While it is the duty of manufacturers to create frictionless security into their devices, customers must come to accept that increasingly connected lives will warrant a change of culture at the consumer level.
This effectively means that consumers must understand that connecting vulnerable devices to the internet will not only harm the owner, but all internet users in general. Therefore they should hold companies to account for insecure devices and be mindful of the security of the devices they purchase.
Consumers should also make it a priority to learn and adopt best security practices for smart homes and offices, such as changing default passwords, updating device firmware and software, and disabling unnecessary features.
With so many vulnerable devices already connected to the internet, internet service providers can play a vital role in preventing IoT devices from becoming instrument to future attacks.
One of the main ways ISPs can help fight against the ill use of compromised IoT devices is the adoption of standards such as BCP38, which is designed to prevent spoofing and amplification, techniques used by hackers to reflect their malicious traffic onto their victims from one or more third party machines.

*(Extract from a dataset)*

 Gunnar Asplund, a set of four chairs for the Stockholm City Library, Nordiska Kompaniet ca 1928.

However, while the BCP38 has been around for a long time, many ISPs ultimately decide not to adopt it due to economic reasons. Hopefully, the October 21 attacks will serve as a wake-up call to ISPs, reminding them that the costs of not adopting anti-DDoS measures can be much heavier and the damage can be irreparable.

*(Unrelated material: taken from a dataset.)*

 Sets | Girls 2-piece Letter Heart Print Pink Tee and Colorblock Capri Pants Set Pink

As security researcher Brian Krebs reports, efforts are being led to identify service providers and ISPs that do not filter out spoofed internet traffic and to expose them. This will likely incentivise others to do the right thing. Yet the efforts can truly bear fruit only if major hardware and operating system companies, cloud providers and organisations that deliver major web servers join efforts and create the necessary infrastructure to provide visibility into ISP security practices.
ISPs should also do more to notify customers when devices on their network are sending or receiving malicious traffic. This can help unwary customers find out about compromised devices and take action to secure or isolate them. Unfortunately, many ISPs don't view this as their problem and therefore don't allocate time and resources to it. This too should change in wake of the massive attacks.
Finally governments can act as the catalyst that makes sure all the parties do their part and are held to account if they don't. Some notable efforts have been seen, such as a U.S. government-led solicitation to encourage startups to address IoT security issues, and a legislation by the European Commission that will beef up cybersecurity requirements for internet connected devices.
While these efforts are noteworthy, more should be done on the global scale, since cyberthreats know no borders, and in the case of IoT botnets, attacks are carried out from millions of nodes scattered across the world.
With the pervasiveness of the internet of things, only a joint effort can ensure a safe and secure future. Everyone should make IoT security their business, or else no one will be spared.